SOURCE MATERIAL Start Marker

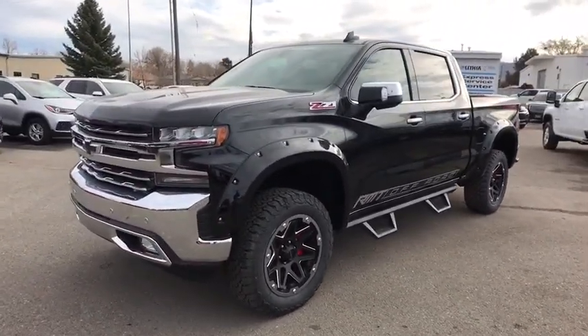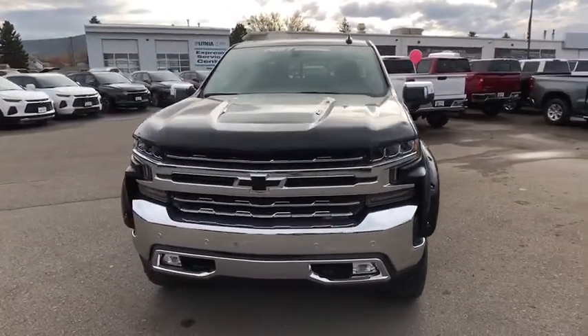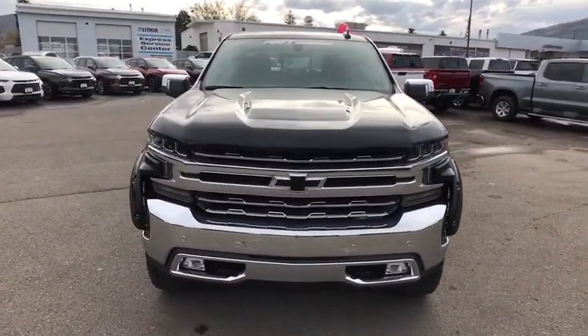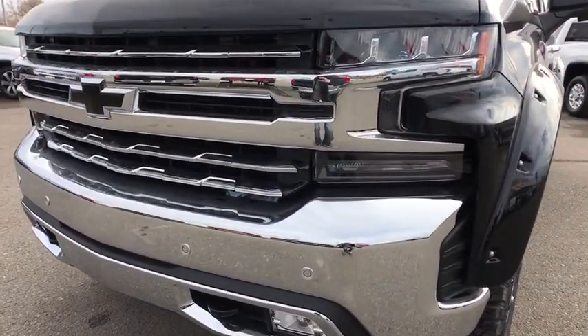Aluminum wheels, ABS four-wheel, front floor mats, four-wheel disc brakes, cruise control, rear defrost, premium sound system, AM-FM stereo radio. Your new ride is just a phone call away.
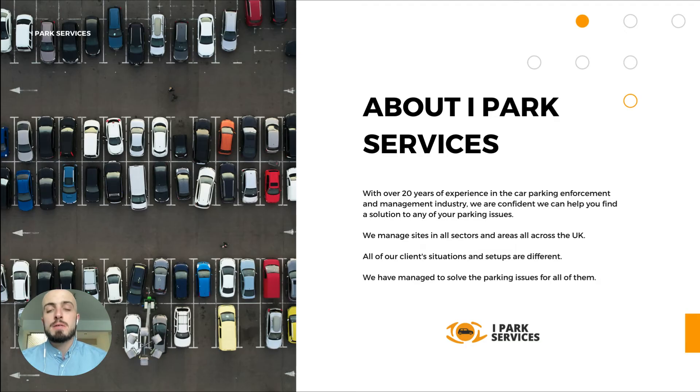A little bit about iPark Services. We've got over 20 years' experience in the car park management and enforcement industry and we manage sites all across the UK. All of our clients' situations and setups are very different, so we've solved a lot of different types of parking problems for all of our customers.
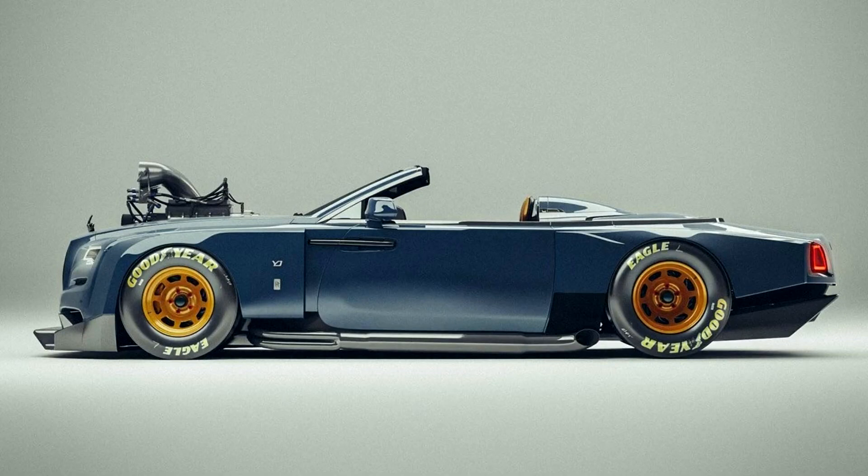Justin Bieber would already be eyeing this concept, mustering ways to bamboozle with another crazy ride. No doubt this Rolls-Royce is something no one would expect to see, and stepping into a street race with one will shift instant attention.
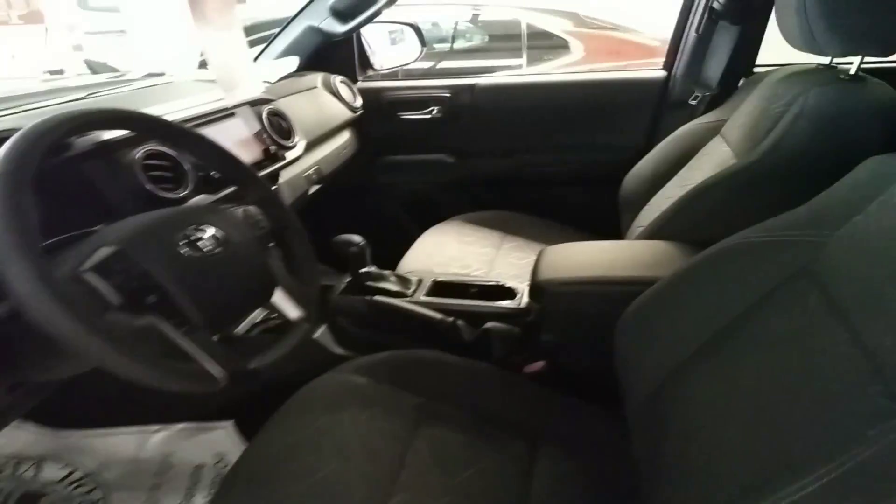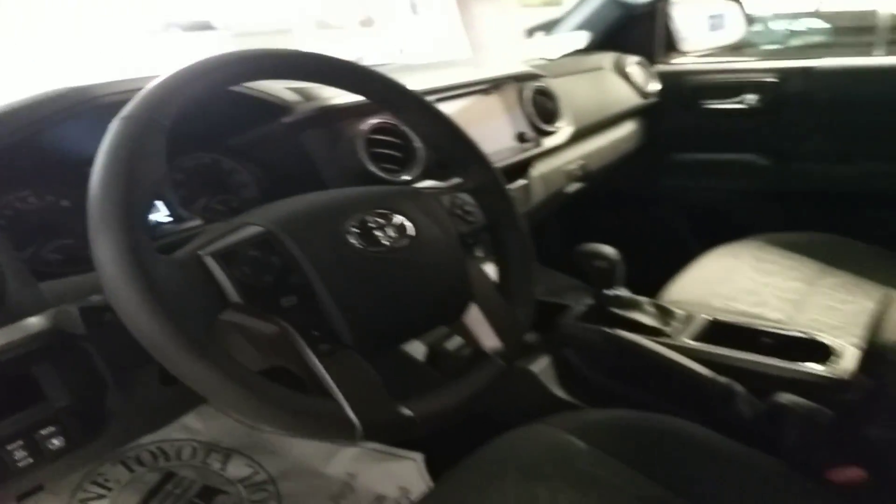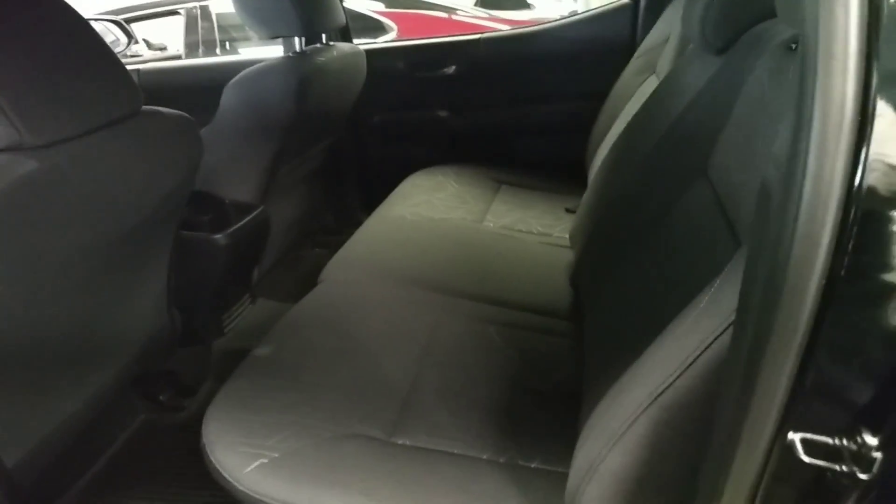Taking a quick look at the interior here — these versions have the fabric interior, but they do have navigation as well as a number of other nice options available. There's also a very roomy rear seat area.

SOURCE MATERIAL End Marker

* **WHAT YOU HAVE TO DO**
Give back the full listing exactly, with pictures dropped.

* **THE COMPLETED TASK**
Aluminum wheels, ABS four-wheel, front floor mats, four-wheel disc brakes, cruise control, rear defrost, premium sound system, AM-FM stereo radio. Your new ride is just a phone call away.
A little bit about iPark Services. We've got over 20 years' experience in the car park management and enforcement industry and we manage sites all across the UK. All of our clients' situations and setups are very different, so we've solved a lot of different types of parking problems for all of our customers.
Justin Bieber would already be eyeing this concept, mustering ways to bamboozle with another crazy ride. No doubt this Rolls-Royce is something no one would expect to see, and stepping into a street race with one will shift instant attention.
Taking a quick look at the interior here — these versions have the fabric interior, but they do have navigation as well as a number of other nice options available. There's also a very roomy rear seat area.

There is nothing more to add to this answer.